Several Planada residents, who traveled to the board meeting to support the opening of an early education program, let the supervisors know just how happy they were after the unanimous board vote.
"I'm elated. The center is out there and we're ready to get started," said Deborah Peguero Clipper, executive director of child and family services at the Stanislaus County Office of Education, which will run the program.
Before Tuesday's meeting, the completed building along Plainsburg Road on the outskirts of Planada stood empty, taunting residents of the town, which is lacking in preschool availability.
The center was approved in 2008 as part of the larger Felix Torres Farm Worker Housing Center project. According to approved planning documents, the child care facility could open only after the housing units were constructed and occupied.
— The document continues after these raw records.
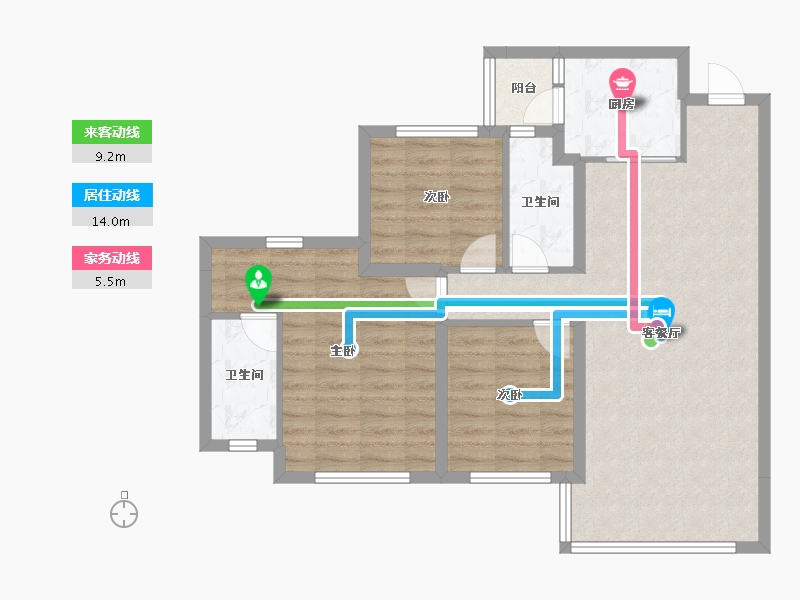 四川省-成都市-邦泰熙华天骄-86.07-户型库-动静线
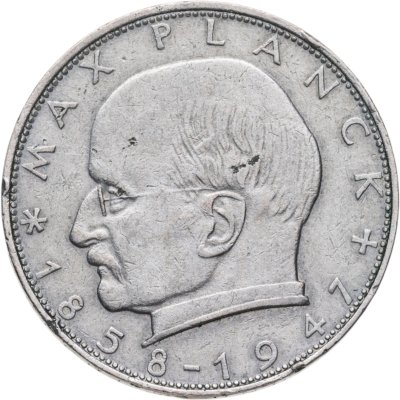 купить Германия 2 марки 1957 F Макс Планк знак монетного двора: "F" - Штутгарт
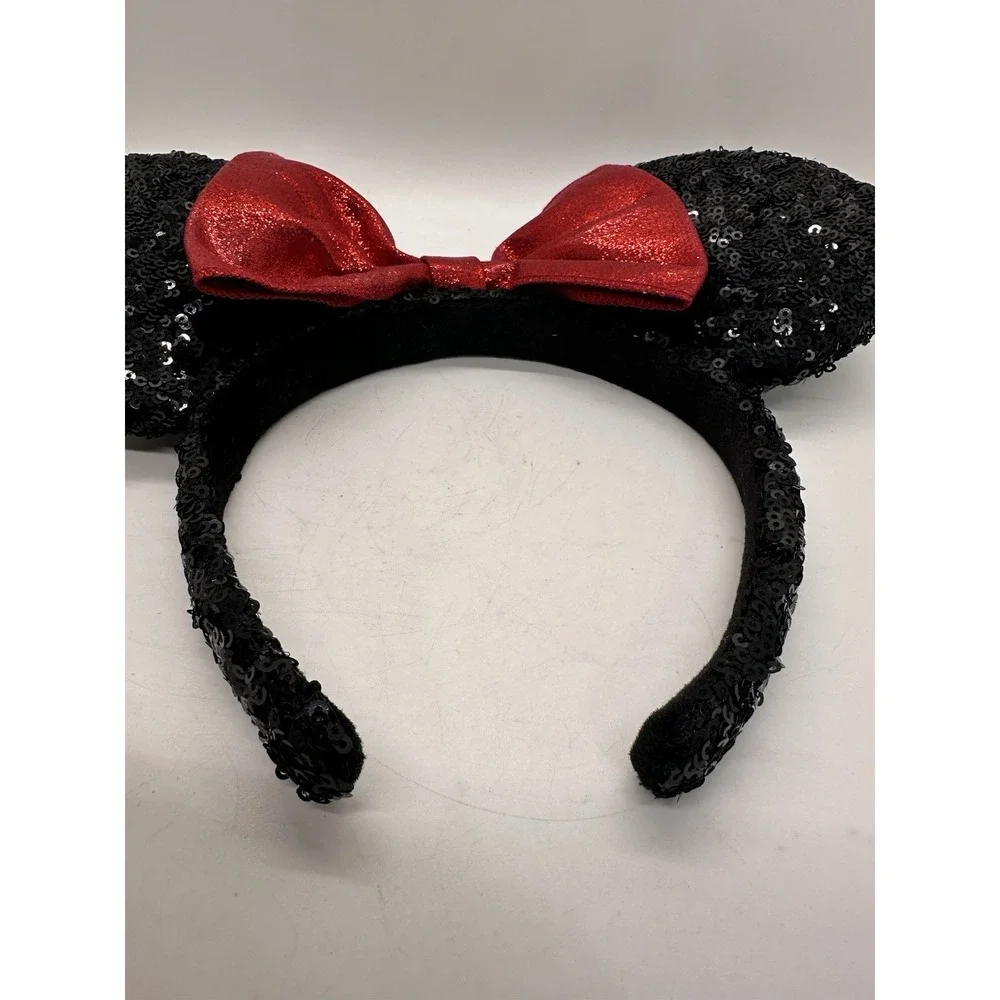 Disney Parks Black‎ Sequin Minnie Mouse Ears Headband Red Lamè Bow Classic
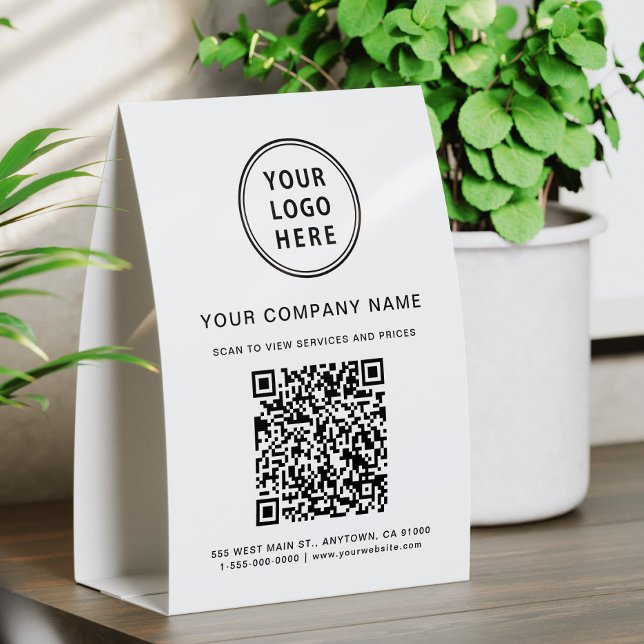Plaque De Table Créer votre code QR de logo d'entreprise (Créateur téléchargé)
In addition, 75 percent of the kids enrolled at the center had to live in the Torres Housing Center.
The housing complex is being built by the Merced County Housing Authority, but has yet to break ground.
The supervisors voted on two separate issues that make the center's early opening possible. First, the supervisors ruled that the project didn't need an environmental review beyond the study done for the housing complex. Second, the board waived the two rules that kept the center from opening before the housing.
"This is for the kids," said Board Chairman Jerry O'Banion before the vote. "What's a better way to keep kids out of harm's way and give them an education?"
Both motions passed 4-0 (Supervisor Deidre Kelsey was absent).
The final unanimous vote elicited a roar of applause and cheering from the crowd. Some audience members even began to cry.
The child care center includes five modular buildings. Twenty-one staffers would provide care to 32 infants and toddlers, as well as 40 preschoolers. All the children will have low-income farmworkers as parents.
The center will also provide literacy and math programs to children, and parenting and other courses to their families. The annual operating budget will be upward of $550,000, Peguero Clipper said.
The planned housing complex could eventually include 72 housing units for seasonal farmworkers and 52 units for year-round farmworkers. Funding from the USDA could make a summer groundbreaking possible, a housing authority representative told the board.